Surviving bureaucrac­y, Russian-style

WORKSHOP TEACHES BASICS

- BY CHRISTIAN LOWE

MOSCOW • Rude, unhelpful, and often corrupt: It’s the widely held image of the Russian bureaucrat and it strikes fear into the heart of Western investors touching down in Moscow to cash in on a booming economy.

But help is at hand: A one-day workshop offers advice on everything from how to charm an angry official, what to get a regional governor for his birthday and how to dodge requests for bribes.

For the businesspe­ople squeezed into the conference room of a Moscow hotel, knowing how to deal with Russia’s bureaucrat­s is as vital a tool as a Russian phrasebook and a pair of warm boots.

“ The authoritie­s … have their own rules and their own language.… If you are not able to decode that, then you will go to the wall,” said one workshop student, a west European businessma­n who did not want to be identified.

The workshop, organized by the Englishnew­spaper The Moscow Times, testifies to the fact that doing business in Russia still poses unique challenges.
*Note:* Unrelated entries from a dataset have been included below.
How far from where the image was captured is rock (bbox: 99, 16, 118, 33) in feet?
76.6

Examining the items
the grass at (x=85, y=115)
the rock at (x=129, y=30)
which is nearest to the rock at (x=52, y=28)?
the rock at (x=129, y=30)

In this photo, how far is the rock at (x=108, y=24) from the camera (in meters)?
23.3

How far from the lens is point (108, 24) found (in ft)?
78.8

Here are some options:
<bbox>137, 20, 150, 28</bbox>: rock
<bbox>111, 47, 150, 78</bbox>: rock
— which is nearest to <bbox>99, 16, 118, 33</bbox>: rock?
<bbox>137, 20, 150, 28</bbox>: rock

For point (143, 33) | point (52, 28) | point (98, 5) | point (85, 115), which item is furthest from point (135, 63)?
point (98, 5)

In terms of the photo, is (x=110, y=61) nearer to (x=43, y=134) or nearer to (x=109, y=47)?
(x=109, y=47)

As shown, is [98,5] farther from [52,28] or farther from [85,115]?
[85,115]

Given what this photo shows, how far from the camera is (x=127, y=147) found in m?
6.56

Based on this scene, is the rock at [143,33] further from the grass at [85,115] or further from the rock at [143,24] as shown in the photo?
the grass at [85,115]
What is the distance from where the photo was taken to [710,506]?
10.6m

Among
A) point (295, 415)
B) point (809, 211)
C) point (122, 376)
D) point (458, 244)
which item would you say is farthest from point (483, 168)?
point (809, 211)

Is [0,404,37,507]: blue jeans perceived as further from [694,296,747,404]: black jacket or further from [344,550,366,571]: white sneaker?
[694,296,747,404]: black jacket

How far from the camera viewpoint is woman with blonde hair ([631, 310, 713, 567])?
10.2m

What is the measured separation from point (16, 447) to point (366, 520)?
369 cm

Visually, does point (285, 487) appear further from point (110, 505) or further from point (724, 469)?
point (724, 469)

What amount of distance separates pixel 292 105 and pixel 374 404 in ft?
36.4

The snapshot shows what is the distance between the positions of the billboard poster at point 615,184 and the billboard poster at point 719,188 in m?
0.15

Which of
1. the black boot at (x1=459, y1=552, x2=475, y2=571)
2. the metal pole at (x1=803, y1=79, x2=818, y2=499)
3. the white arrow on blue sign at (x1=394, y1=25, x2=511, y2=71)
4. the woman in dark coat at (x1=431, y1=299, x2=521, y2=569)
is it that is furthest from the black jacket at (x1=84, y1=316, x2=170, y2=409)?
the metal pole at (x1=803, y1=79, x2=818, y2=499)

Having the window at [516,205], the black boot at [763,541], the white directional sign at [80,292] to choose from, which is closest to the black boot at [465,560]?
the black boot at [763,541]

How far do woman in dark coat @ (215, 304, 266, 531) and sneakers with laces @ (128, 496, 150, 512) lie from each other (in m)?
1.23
Western businessme­n and a smattering of Russian executives attended, pens poised over their notebooks, ready to record any handy tips.
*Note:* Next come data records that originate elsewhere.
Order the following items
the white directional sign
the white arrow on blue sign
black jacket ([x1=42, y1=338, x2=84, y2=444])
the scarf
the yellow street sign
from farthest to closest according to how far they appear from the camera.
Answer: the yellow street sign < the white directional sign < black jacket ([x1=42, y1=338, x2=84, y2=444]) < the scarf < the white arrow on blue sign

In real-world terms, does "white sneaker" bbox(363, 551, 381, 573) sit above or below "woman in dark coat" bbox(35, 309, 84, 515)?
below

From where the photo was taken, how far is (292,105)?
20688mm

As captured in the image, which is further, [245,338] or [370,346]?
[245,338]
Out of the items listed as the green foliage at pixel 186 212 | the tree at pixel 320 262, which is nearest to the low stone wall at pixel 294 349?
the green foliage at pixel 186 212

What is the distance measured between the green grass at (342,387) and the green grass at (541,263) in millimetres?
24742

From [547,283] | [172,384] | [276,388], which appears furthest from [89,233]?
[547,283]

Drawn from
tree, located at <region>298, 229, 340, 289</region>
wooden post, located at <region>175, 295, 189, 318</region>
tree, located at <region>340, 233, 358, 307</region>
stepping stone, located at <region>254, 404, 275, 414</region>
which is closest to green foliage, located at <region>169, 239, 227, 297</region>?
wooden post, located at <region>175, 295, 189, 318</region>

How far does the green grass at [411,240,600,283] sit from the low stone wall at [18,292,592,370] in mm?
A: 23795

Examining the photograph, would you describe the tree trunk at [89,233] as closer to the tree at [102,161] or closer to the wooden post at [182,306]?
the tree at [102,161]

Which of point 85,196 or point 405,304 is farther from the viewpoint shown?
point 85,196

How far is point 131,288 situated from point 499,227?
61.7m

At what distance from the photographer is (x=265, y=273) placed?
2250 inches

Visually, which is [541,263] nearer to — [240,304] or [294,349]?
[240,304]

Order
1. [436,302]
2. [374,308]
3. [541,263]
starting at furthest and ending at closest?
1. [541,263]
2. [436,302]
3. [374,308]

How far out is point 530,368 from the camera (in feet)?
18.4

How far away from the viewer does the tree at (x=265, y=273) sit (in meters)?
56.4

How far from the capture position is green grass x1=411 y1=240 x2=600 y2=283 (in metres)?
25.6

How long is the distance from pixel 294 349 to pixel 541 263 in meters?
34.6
Not least among the possible pitfalls for eager investors are red tape and corruption, consistent­ly named in investor surveys as the biggest bugbears and cited by economists as major drags on growth.

Ironically, the very oil-fueled boom that is drawing investors may also lessen momentum to reform the stifling and intrusive state bureaucrac­y, some analysts and officials say.

Russia’s bureaucrat­s wield immense power because only they know how to navigate the maze of regulation­s that governs Russian life. When — as often happens — one rule contradict­s another, it is the official who has the final word.

However, the canny business executive can find ways to win officials over, said workshop leader Galina Terentyeva.

“ You should not fear the bureaucrat,” advised Ms. Terentyeva, a business consultant and former civil servant who has studied the psychology of Russian officials. “ They are not necessaril­y bad people. They are the way that they are because they have objectives that are different from ours,” she told students at the workshop.

If a male investor knows an important official is going to be aggressive, he should take an attractive female member of staff to the meeting to soften him, Ms. Terentyeva said.

One way to handle a bureaucrat who is taking weeks to sign a vital document is to find out where he spends his free time and arrange a “chance” meeting.

“He will realize … that you move in the same circles and that will win him over because it means you have the same interests,” said Ms. Terentyeva, who regularly runs in-house training sessions for companies.

Other advice is to dress down for meetings with provincial bureaucrat­s — “to avoid evoking envy” — and to send the regional governor a greetings card on his birthday.

Some governors accept only gifts worth US$500 or over, Ms. Terentyeva said, but she advised investors not to comply.

“Paying a bribe, not just accepting one, is a criminal offence.... We need to seek alternativ­es to this,” she said between role-play exercises when her students took turns acting the part of obstructiv­e officials.